Research Councils are crucial gatekeepers to academic power. Substantial research indicates that gender skewed scientific advisory and review boards play a role in the underrepresentation of women receiving scientific grants.  Since the mid-nineties many European scientific advisory bodies have adapted guidelines about the gender composition of their panels, either compelled by national legislation and European directives or voluntarily. European Union scientific review boards are supposed to be composed at the 40%/60% level, for example.  However the adaption of guidelines and the implementation and monitoring of guidelines are not always linked.

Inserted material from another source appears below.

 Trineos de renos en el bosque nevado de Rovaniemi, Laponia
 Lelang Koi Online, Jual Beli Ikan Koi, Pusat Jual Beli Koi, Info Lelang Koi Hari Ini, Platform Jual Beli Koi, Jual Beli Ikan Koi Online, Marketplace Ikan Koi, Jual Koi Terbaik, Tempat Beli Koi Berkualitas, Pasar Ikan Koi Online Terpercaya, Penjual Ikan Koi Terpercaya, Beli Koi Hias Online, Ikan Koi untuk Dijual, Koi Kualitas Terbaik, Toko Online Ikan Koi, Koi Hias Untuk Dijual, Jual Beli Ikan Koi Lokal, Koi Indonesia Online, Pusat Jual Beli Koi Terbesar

Quota’s  generate controversy, even among female scholars.  Further, the re-alignment of the European Research Area may mean that ambitions of representation become lost thanks to neo-liberal arguments about an undefined and ambiguous concept of ‘excellence.’  This paper documents the present state of affairs in terms of regulation, the resistance to quota regulations and the extent to which there is compliance with regulations in the composition of panels and management.  The implications for research councils and gender equity in decision-making will be discussed.  Contextual and structural factors of legislation, leadership, peer pressure, Europeanization, monitoring and bureaucratic capacity are identified as contributing to differing outcomes. Concretely, the paper treats the major European players in transnational funding and management:  European Science Foundation, the nascent Science Europe, the European Research Council and the Commission of the European Union.